Written by Jennifer Moglia

"Album of the Year" lists typically start to show up around November or December, when most of the year's music has come out already, but the minute GET TUFF's "in sickness and in hell" was released in January, we immediately knew it had a spot as one of our favorite records of 2021. Now, two months removed from dropping the album, we got the chance to chat with the genius behind GET TUFF, RB Roe, about the project, the creative process and vision behind it, and all of the ways music has impacted their life, from using songwriting to process emotions to having a blast performing live with bands.
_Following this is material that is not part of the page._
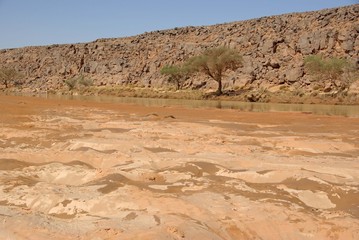 Wall Mural - Oued, Libye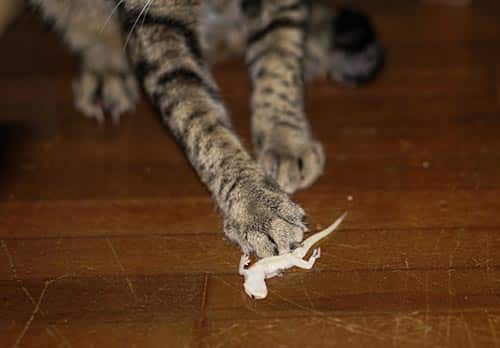 Cat holds paw down on a lizard on its back in a house.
Jennifer Moglia: Thanks so much for doing this! To start, could you just introduce yourself and the project?

RB Roe: I'm RB Roe, my pronouns are they/them, and I am the songwriter, engineer, producer, and performer of everything in GET TUFF, save for some amazing features by friends on a few of the tracks! This project started as a way for me to easily work on music while in the van on tour, and has grown to be an emotional outlet and respite in the face of my trauma and mental illness.

JM: It's so impressive that you can essentially do all of this by yourself, and I love that music has been that outlet for you! I know that you consider GET TUFF to be "drama-pop", but I've honestly never heard that used as a genre before.
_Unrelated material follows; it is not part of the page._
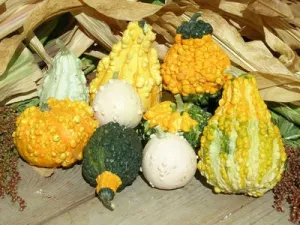 Mini Ornamental Gourds - Heirloom Vegetable - 10 Seeds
Is that something you came up with or had you heard it before? How would you define "drama-pop?" What other bands/artists would you consider to fit under that genre?

RR: It was just something that popped into my head one day as I was trying to figure out what the project sounded like. Vocally, I realized I was pretty unintentionally taking a ton of inspiration from my experience in and love of musical theater.
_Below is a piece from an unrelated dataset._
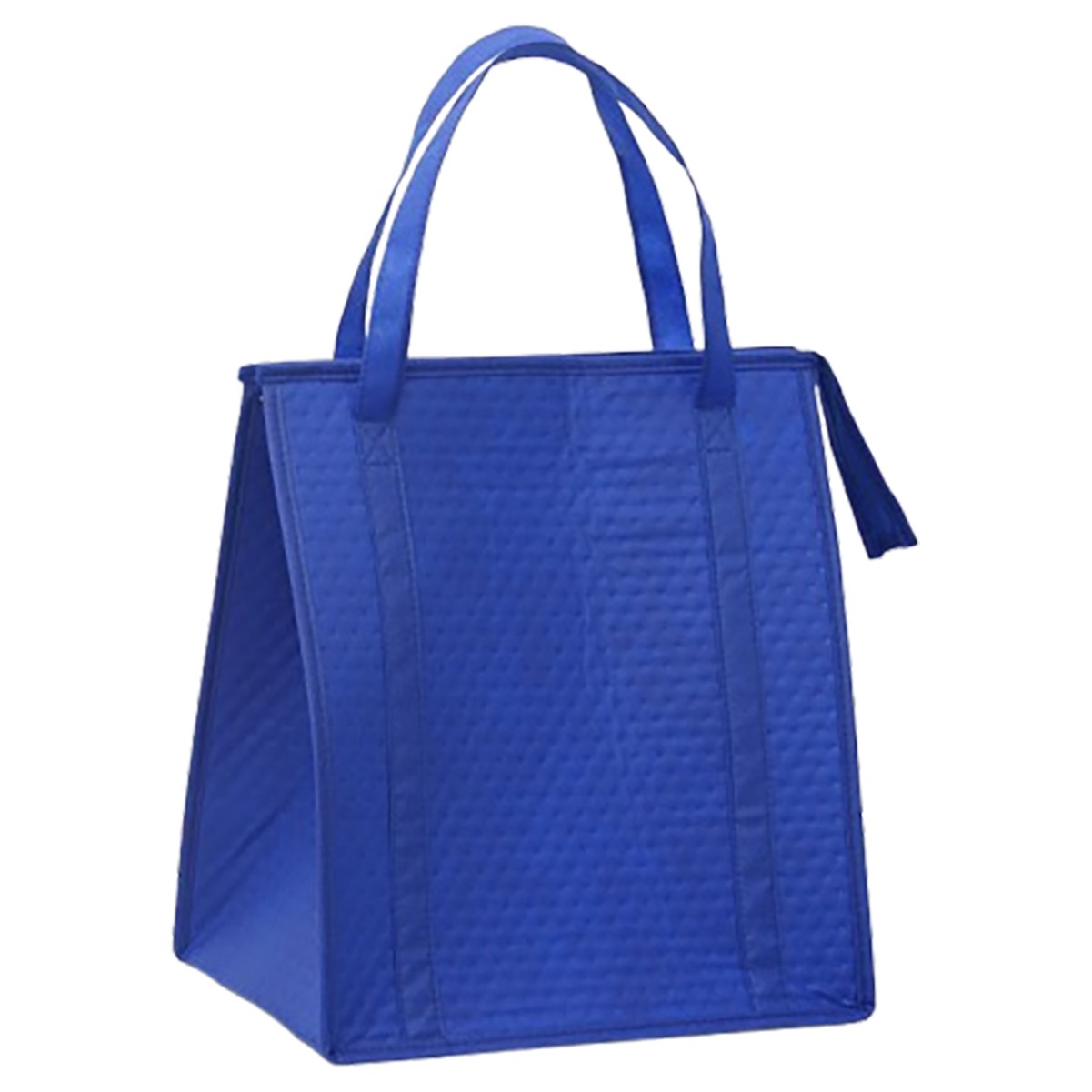 Insulated Lunch Bag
Lyrically, I love to very cheekily play up the internal melodrama that I far too often experience, the way that a minor inconvenience can turn to utter despair when you’re already going through something. I thought the confluence of these two things gave the project a bit of “main character syndrome”, hence the drama-pop moniker!

Some favorite bands/artists of mine that I draw inspiration from for this concept are Sylvan Esso, Kilo Kish, and Caroline Polachek!

JM: I'll have to check them out! I think it's so cool that you've been able to find that niche and almost make up your own subgenre for what you do.

Your name is RB Roe, so where did GET TUFF come from? Is there a reason why you didn't want to just use your name for this project?

RR: The name GET TUFF, at its core, is a nod towards recovery and personal growth. It also stands as a reminder in the face of inner turmoil and a generally tumultuous existence.

I chose to go with a “band name” versus just my own name because the voice of [this project], though drawn from deeply personal emotion and experience, is almost a character. It is the dramatized internal version of the self, who I become when I am overwhelmed by the emotion of a moment. I’ll be the first to admit I am not my best self when I am in the throes of depression or coping, and often, do not feel like myself at all.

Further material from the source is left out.